After finishing his medical degree (MBBS) from Madras University in 1979, and then completing his internship there, he came to the United States as one of hundreds of foreign medical graduates (FMGs) from India seeking open residency positions. As he described it in a New Yorker article, "The Cowpath to America", many FMGs often had to work in the less popular hospitals and communities, and frequently in inner cities. He opted for a residency in a brand-new program in Johnson City, Tennessee, affiliated with East Tennessee State University. He was a resident there from 1980 to 1983, and then secured a coveted fellowship at Boston University School of Medicine in 1983, where he worked for two years at Boston City Hospital and where he saw the early signs of the urban epidemic of HIV in that city.
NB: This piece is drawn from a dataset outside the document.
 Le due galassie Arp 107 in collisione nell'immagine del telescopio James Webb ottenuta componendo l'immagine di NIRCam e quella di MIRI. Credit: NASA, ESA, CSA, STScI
Returning to Johnson City in 1985 as assistant professor of medicine (he later became a tenured associate professor there), he encountered the first signs of a second epidemic, that of rural AIDS. His work with the patients he cared for and his insights into his personal transformation from being "homoignorant", as he describes it, to having an understanding of his patients resulted a few years later in his first book, My Own Country.

1955

Abraham Verghese (born 1955) is an American physician, author, Professor for the Theory and Practice of Medicine at Stanford University Medical School and Senior Associate Chair of the Department of Internal Medicine. He is also the author of three best-selling books, two memoirs and a novel. In 2011, he was elected to be a member of the Institute of Medicine. He received the National Humanities Medal from President Barack Obama in 2015.